While Donald Trump quite regularly refers to either bringing jobs back to America or keeping jobs in America, a paper by Carl Frey and Michael Osborne shows that outsourcing jobs to foreign shores may not be the only mechanism that is keeping Americans unemployment at elevated levels, particularly in manufacturing and the service sector.
In their paper entitled "The Future of Employment: How Susceptible are Jobs to Computerization?", the authors looked at the probability of computerization for 702 "detailed occupations" with the ultimate goal of looking at the number of jobs at risk in the future and the relationship between an occupation's probability of computerization, wages and educational level. Using recent advances in machine learning (ML) and mobile robotics (MR), the authors develop a method by which they can categorize the aforementioned 702 occupations by their susceptibility to computerization.
The "Computer Revolution" began in the 1960s with the first commercial use of the massive, room-filling computing machines of the time. The first industrial robot was introduced in the 1960s by General Motors and during the 1980s and 1990s, computing costs declined by an average of 64 percent annually at the same time as computing power surged. Bar code scanners and ATMs became ubiquitous, eliminating some jobs in retail and the banking sector and with the introduction of the first personal computers in the early 1908s, jobs in the clerical world both changed and were eliminated. The adoption of computerization had a significant impact on wages with a 1993 study showing that workers using a computer earning 10 to 15 percent more than other occupations, a situation that sent many Americans (and others) back to school for further education. This has resulted in a polarized labour market with growth in low-income manual occupations that have been resistant to computerization and high-income cognitive jobs and a decline in the number of Americans (and others) employed in middle-income routine jobs. As well, high-skilled workers have moved down the occupational ladder and have taken jobs that were traditionally performed by low-skilled workers, pushing at least some of those low-skilled workers right out of the labour force.
The authors focus on two types of computerization;
1.) machine learning (ML) which includes data mining, machine vision, computational statistics and other fields related to the development of artificial intelligence. Advances in these fields have brought us things like Apple's Siri which can recognize spoken word and speech recognition/voice response systems which are used in automated call centres.
2.) mobile robotics (MR) which leverages ML technologies so that robotic technology can perform the routine tasks involved in manufacturing. One prime example is the development of driverless vehicles by Google and the development of robots that can climb and maintain wind turbine towers by General Electric.

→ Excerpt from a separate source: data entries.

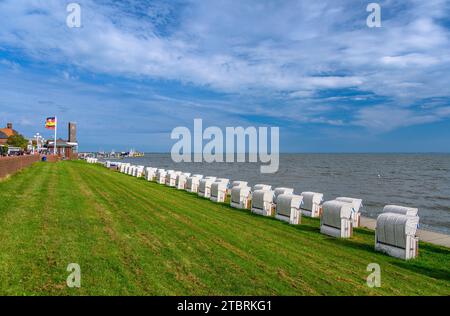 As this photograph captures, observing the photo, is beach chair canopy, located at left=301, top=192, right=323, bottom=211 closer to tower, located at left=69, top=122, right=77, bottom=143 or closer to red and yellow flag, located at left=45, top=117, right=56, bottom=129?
red and yellow flag, located at left=45, top=117, right=56, bottom=129

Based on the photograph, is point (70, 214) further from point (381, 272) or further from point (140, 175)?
point (140, 175)

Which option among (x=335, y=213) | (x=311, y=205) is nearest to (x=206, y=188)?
(x=311, y=205)

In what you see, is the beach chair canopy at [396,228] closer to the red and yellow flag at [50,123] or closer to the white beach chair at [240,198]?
the white beach chair at [240,198]

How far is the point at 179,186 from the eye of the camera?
27250mm

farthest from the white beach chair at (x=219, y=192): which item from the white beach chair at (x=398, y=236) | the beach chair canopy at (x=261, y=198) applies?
the white beach chair at (x=398, y=236)

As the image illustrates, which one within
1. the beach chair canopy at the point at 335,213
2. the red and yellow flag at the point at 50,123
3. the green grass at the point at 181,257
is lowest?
the green grass at the point at 181,257

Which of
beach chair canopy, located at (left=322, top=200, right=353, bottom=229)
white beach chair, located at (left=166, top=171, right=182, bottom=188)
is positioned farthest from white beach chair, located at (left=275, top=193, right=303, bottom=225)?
white beach chair, located at (left=166, top=171, right=182, bottom=188)

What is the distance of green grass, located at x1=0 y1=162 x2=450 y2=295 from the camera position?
6395 millimetres

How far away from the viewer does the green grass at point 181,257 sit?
6395 millimetres

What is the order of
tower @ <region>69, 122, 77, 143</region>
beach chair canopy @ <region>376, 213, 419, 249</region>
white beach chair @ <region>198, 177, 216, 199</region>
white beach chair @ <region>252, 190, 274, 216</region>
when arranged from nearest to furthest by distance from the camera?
1. beach chair canopy @ <region>376, 213, 419, 249</region>
2. white beach chair @ <region>252, 190, 274, 216</region>
3. white beach chair @ <region>198, 177, 216, 199</region>
4. tower @ <region>69, 122, 77, 143</region> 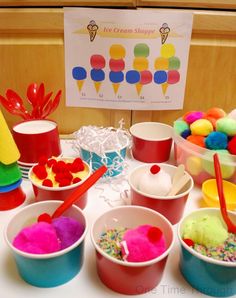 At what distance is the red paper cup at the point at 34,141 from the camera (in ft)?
2.09

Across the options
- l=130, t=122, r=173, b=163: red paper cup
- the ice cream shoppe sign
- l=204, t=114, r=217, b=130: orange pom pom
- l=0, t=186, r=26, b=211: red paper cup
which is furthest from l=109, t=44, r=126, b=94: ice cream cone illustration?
l=0, t=186, r=26, b=211: red paper cup

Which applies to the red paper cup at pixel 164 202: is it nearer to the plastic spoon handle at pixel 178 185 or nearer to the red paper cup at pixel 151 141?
the plastic spoon handle at pixel 178 185

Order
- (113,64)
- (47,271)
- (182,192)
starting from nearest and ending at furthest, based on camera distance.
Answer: (47,271) < (182,192) < (113,64)

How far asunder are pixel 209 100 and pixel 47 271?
1.75 feet

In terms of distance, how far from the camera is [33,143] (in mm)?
642

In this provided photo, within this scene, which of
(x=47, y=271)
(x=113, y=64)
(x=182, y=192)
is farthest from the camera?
(x=113, y=64)

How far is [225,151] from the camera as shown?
603 millimetres

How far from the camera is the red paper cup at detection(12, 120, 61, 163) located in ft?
2.09

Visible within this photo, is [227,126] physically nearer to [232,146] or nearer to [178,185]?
[232,146]

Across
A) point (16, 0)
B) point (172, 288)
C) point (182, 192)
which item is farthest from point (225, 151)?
point (16, 0)

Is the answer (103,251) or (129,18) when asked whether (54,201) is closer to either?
(103,251)

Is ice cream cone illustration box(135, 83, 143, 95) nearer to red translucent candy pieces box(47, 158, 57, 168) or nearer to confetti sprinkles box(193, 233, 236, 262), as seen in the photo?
red translucent candy pieces box(47, 158, 57, 168)

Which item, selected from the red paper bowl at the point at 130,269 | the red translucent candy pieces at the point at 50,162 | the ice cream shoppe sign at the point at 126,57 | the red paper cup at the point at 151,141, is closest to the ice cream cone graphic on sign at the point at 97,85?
the ice cream shoppe sign at the point at 126,57

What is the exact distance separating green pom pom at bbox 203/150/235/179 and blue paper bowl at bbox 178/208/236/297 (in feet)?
0.66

Over the past decades, robot prices have fallen by about ten percent annually, putting them in the hands of more users. On a global basis, according to the International Federation of Robots, industrial robot sales grew by 15 percent on a year-over-year basis in 2015, hitting a record of 253,748 units with China having a 27 percent share of the total supply in 2015. The biggest growth was in the electronics industry with a 41 percent increase, the metal industry with a 39 percent increase and the plastics and rubber industry with a 16 percent increase.
Now, let's look at the impact of computerization on employment. Obviously, there are some occupations that will be more difficult to computerize than others due to certain bottlenecks as shown here:
Here is a graphic showing the probability of computerization (low, medium and high) for the Bureau of Labor Statistics occupational groupings:
Note that the jobs of 47 percent of workers in the United States have a high probability of computerization and only 33 percent have a low probability of computerization. In general, science and engineering occupations have a low susceptibility to computerization because they require a high degree of creative intelligence. Occupations including health care, education, management, business and finance, arts and media are also less likely to be computerized because they require a thorough understanding of social intelligence that cannot (at least at this point in time) be duplicated with a robot. The authors suggest that the high probability service,sales, office and administrative support occupations (among others) are likely to find human capital substituted by computer capital relatively soon. As the advantages of human dexterity and mobility diminish as robot evolution progresses, the pace of human - computer labour substitution will grow. Even jobs like personal and household services are increasingly using robots with the market forecast to grow by 23.5 percent annually between 2015 and 2020.
Here are two tables showing the probability of computerization for various wage and educational levels:
As you can see, the probability of computerization rises as median wage drops and as educational attainment drops.
If you are interested in a detailed listing of the probability of computerization for each of the 702 occupations, you can find the listing at the end of the article. Here are two screen captures showing the least susceptible and the most susceptible occupations for your information:
1.) Least susceptible:
2.) Most susceptible:
From this study, we can see that automation/robotics/technology bears and will continue to bear at least some responsibility for the persistence in high real unemployment rates (i.e. not the U-3 rate that is touted by the Bureau of Labor Statistics as its measure of employment health). Unless America's employers are willing to shun the latest in both machine learning and mobile robotics, employment growth in the United States labour force will continue to be constrained even if overseas jobs are repatriated and Donald Trump successfully keeps some jobs in America.